Milton Friedman Manuscript on J.M. Keynes’ The General Theory.

"The General Theory is a great book, at once more naïve and more profound than the ‘Keynesian economics’ ... I believe that Keynes’s theory is the right kind of theory": One Page Manuscript by Milton Friedman on J.M. Keynes' The General Theory

Milton Friedman Manuscript on J.M. Keynes’ The General Theory.

FRIEDMAN, Milton.

Item Number: 5092

One page signed manuscript from Nobel Prize-winning economist Milton Friedman discussing Keynes’ The General Theory.

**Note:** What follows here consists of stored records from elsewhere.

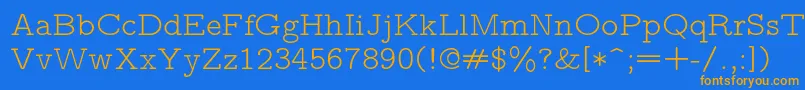 フォントLmmonoproplt10Regular – オレンジ色の文字が青い背景にあります。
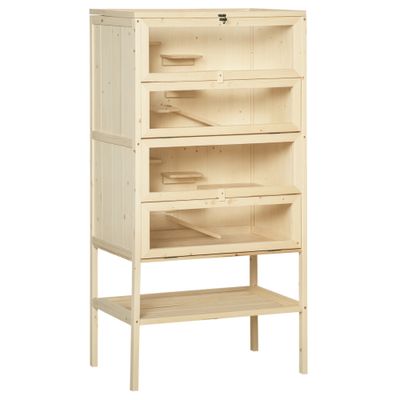 PawHut Jaula Madera para Hámster 60x40x120cm Madera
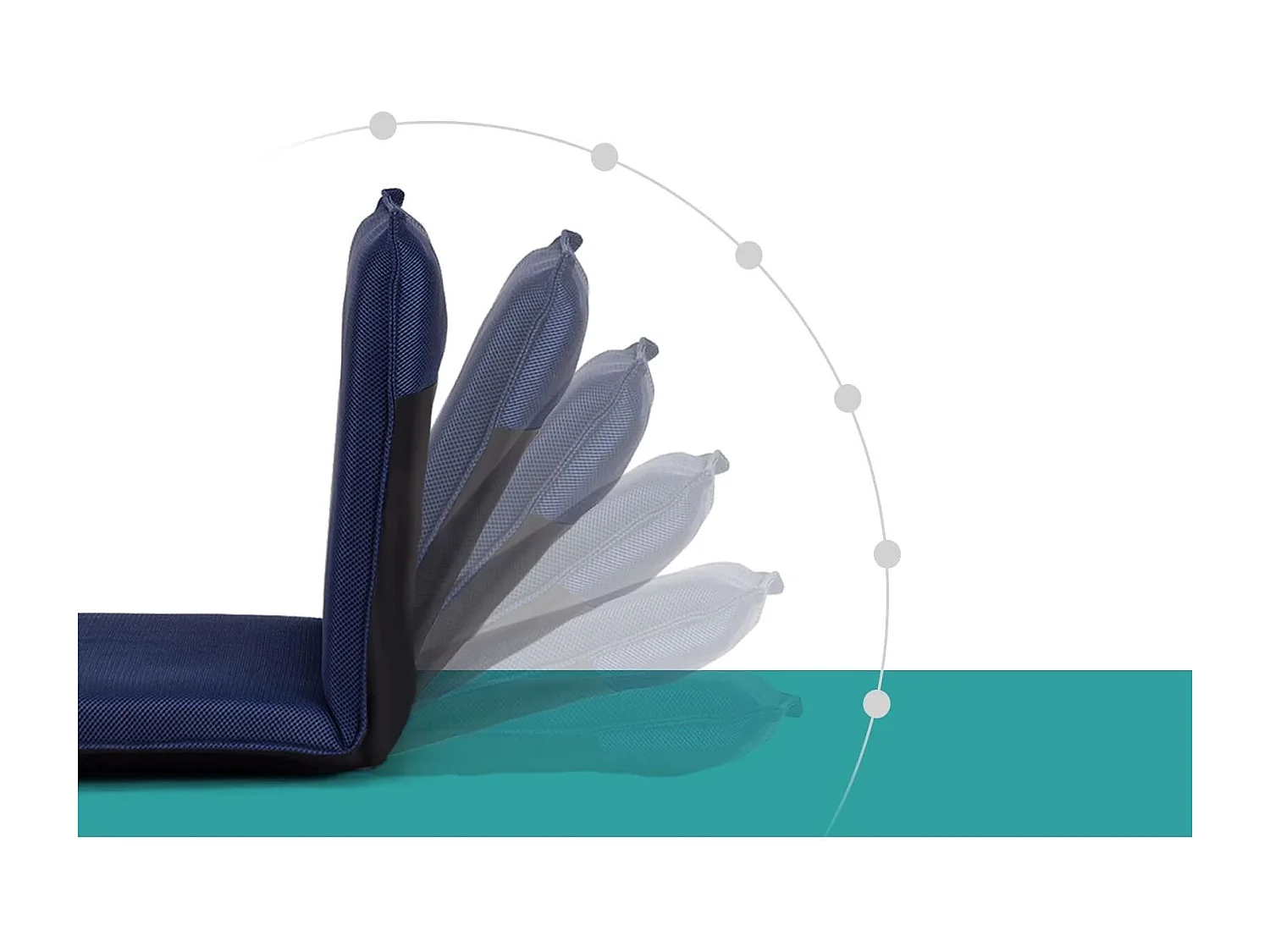 Sedia da terra con supporto schiena, Poltrona reclinabile imbottita struttura di metallo resistente, Blu marino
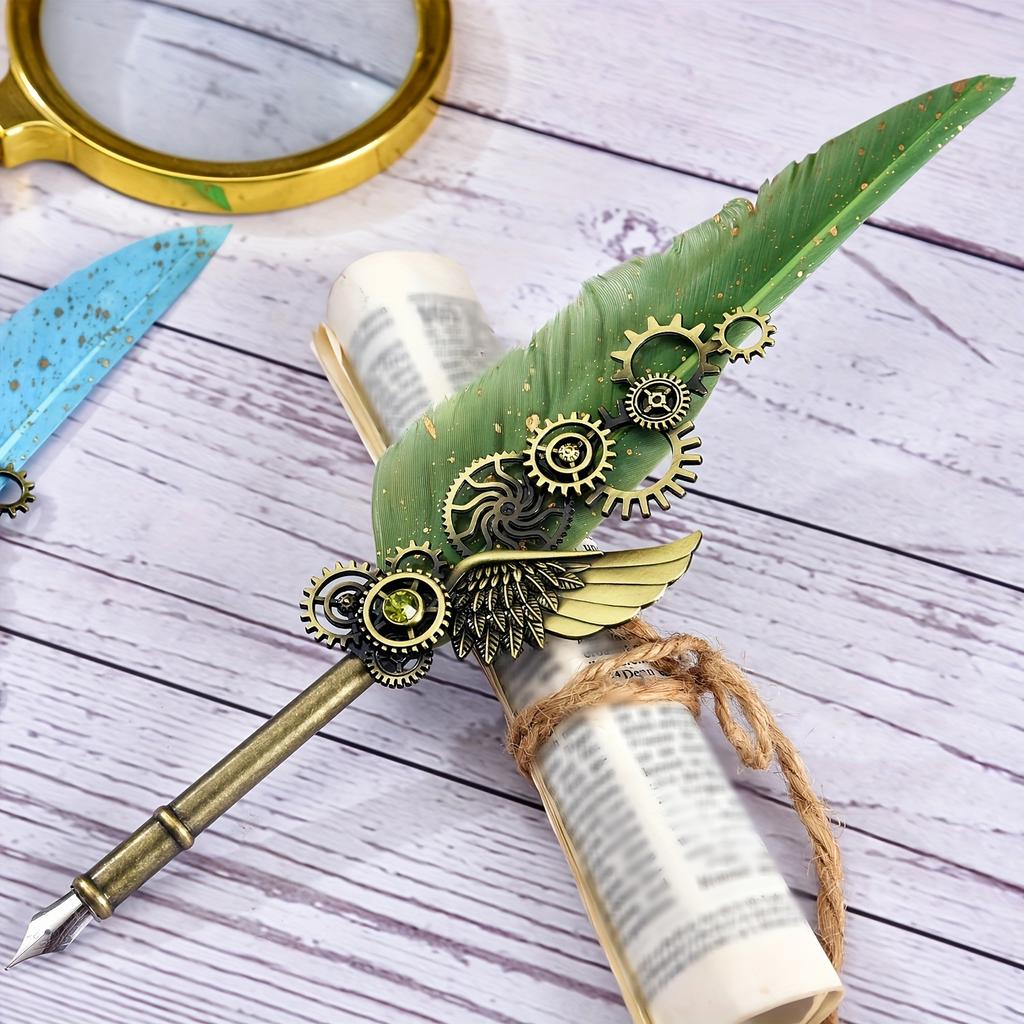 Ambidextrous Mechanical Calligraphy Pen with 5 Personalized Metal Tips, Medium Point, Round Body, Decorative European Retro Feather Quill for Beginner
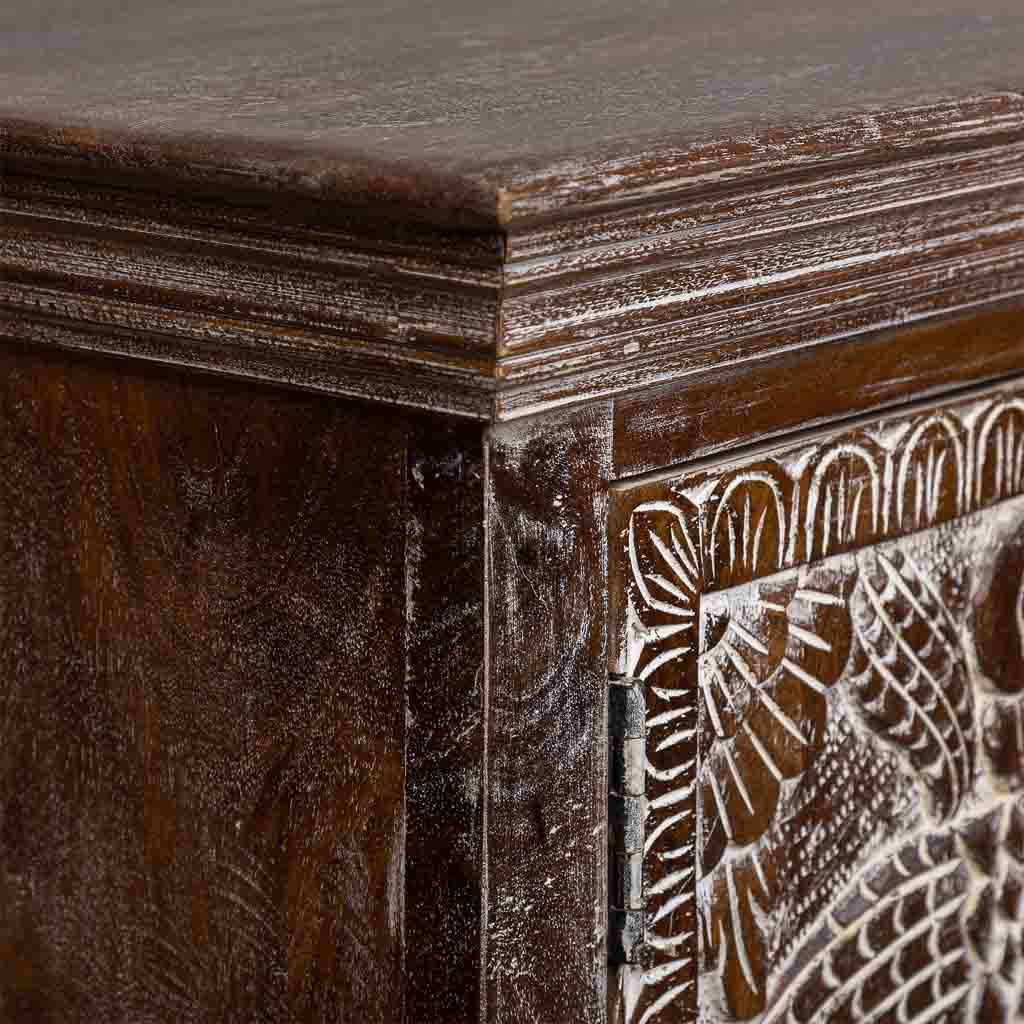 APARADOR AKI DE MADERA ARTESANAL CON 4 PUERTAS MARRÓN image 5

In it he writes, a page of manuscript in Friedman’s hand, written in 1971 in reply ‘to criticisms of my work from a so-called Keynesian point of view’, Friedman writes “One reward from writing this reply has been the necessity of rereading earlier work, in particular [Keynes’s] . . . General Theory. The General Theory is a great book, at once more naive and more profound than the ‘Keynesian economics’ that Leijonhufvud contrasts with the ‘economics of Keynes.’…“I believe that Keynes’s theory is the right kind of theory in its simplicity, its concentration on a few key magnitudes, its potential fruitfulness. I have been led to reject it, not on these grounds, but because I believe that it has been contradicted by evidence: its predictions have not been confirmed by experience. This failure suggests that it has not isolated what are ‘really’ the key factors in short-run economic change. “The General Theory is profound in the wide range of problems to which Keynes applies his hypothesis, in the interpretations of the operation of modern economies and, particularly, of capital markets that are strewn throughout the book…” A few lines crossed out, signed by Milton Friedman. Matted and framed. An important and unique document linking Friedman and Keynes, two of the greatest economist’s of the twentieth century, with the former’s critique of the latter’s magnum opus The General Theory.